L’été 2024 passera à la postérité pour avoir été celui de Soi Cheang. Nous avions initialement déposé nos bagages avec Mad Fate dans un Hong-Kong folklorique dominé par des puissances extérieures. Le voyage se poursuit et se conclut à travers le temps, CITY OF DARKNESS nous plongeant dans une région n’étant pas encore restitué à la Chine. L’arrivée à destination était attendue, bien plus que l’excursion, et elle ne nous a aucunement déçu. Cette citadelle de Kowloon dans laquelle nous avons passé deux heures nous laissera des souvenirs impérissables.

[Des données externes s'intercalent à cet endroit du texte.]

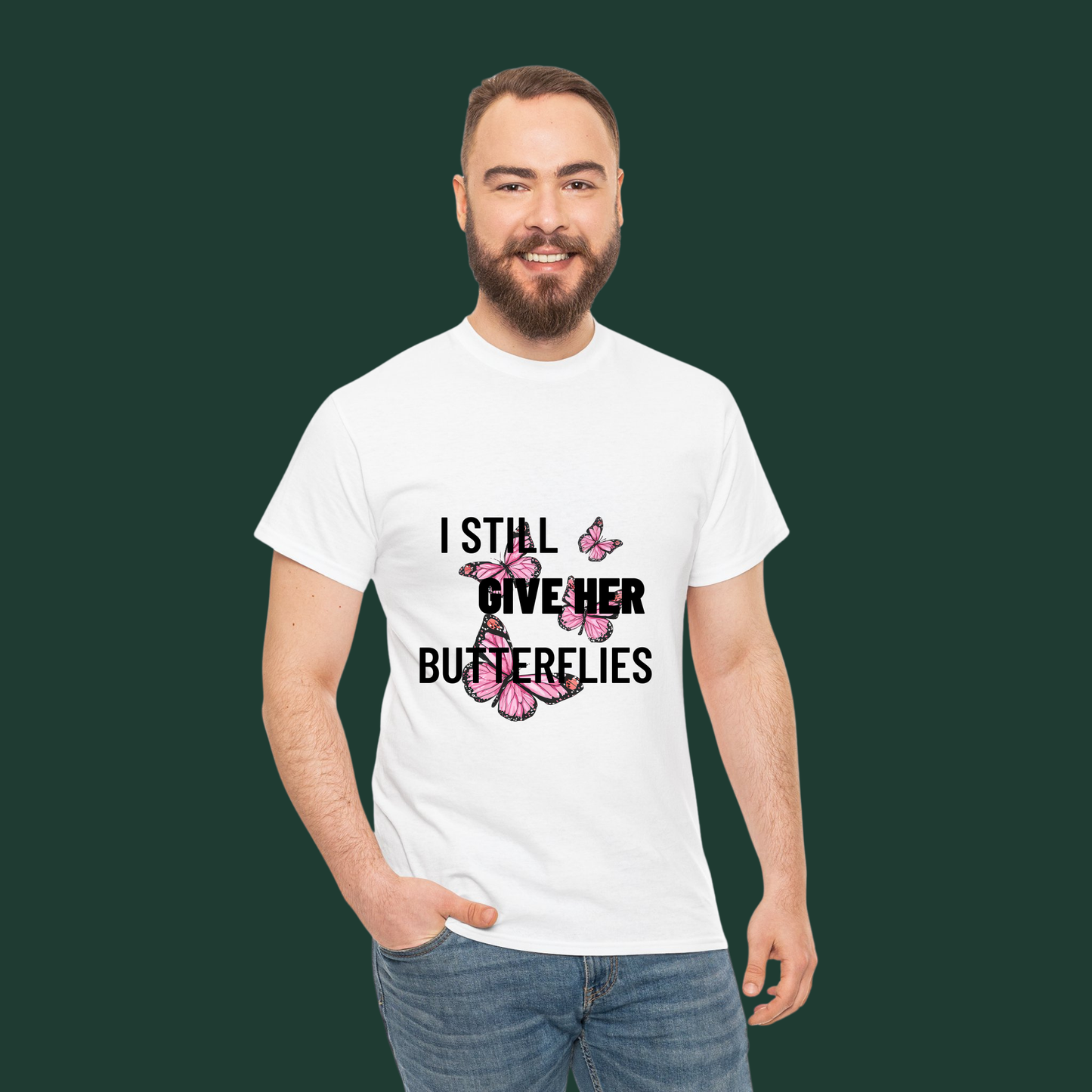 “I Still Give Her/Him Butterflies” - His and Hers Valentine’s Tee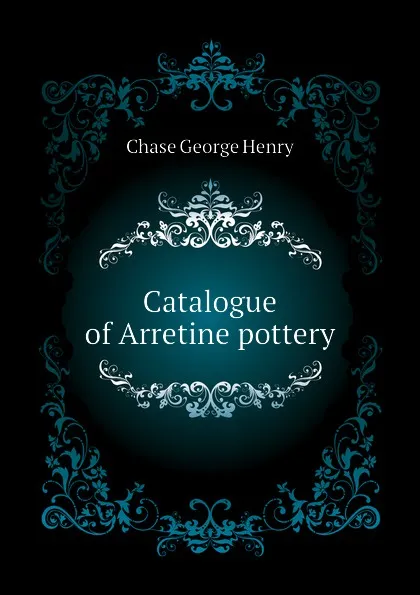 Обложка книги Catalogue of Arretine pottery, Chase George Henry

Les légendes de « La Perle d’Orient »

Le Hong Kong que présente Soi Cheang dans CITY OF DARKNESS est celui des mythes et des légendes. Les premières minutes n’y manquent pas avec des textes explicatifs racontant le passé de Kowloon et venant décrire les affrontements à l’écran dans une sorte de décor de théâtre. Nous nous croirions presque face à une fresque chinoise à la Creation of the Gods I de Wu Ershan avec ces luttes de pouvoir et ce rapport à la paternité entourant cette citadelle imprenable. Le film reprend la construction de ces récits par le biais d’un héros perdu entreprenant une quête initiatique qui va le mener à découvrir la vérité sur ses origines et à combattre pour ses nouveaux idéaux. Les combats sont d’ailleurs ce qui rend CITY OF DARKNESS si mythique. Des êtres semblant provenir de temps immémoriaux s’affrontent dans des confrontations hors du commun. L’épique des mythes et des légendes est respecté bien que certains mortels peuvent se sentir lésés. Les femmes sont celles à le plus en pâtir, elles qui ne manquent pourtant pas dans les anciens récits. Malgré tout, la réinterprétation moderne des codes d’écrits séculaires est juste car elle sert à Soi Cheang pour rendre hommage à une époque précise de son enfance.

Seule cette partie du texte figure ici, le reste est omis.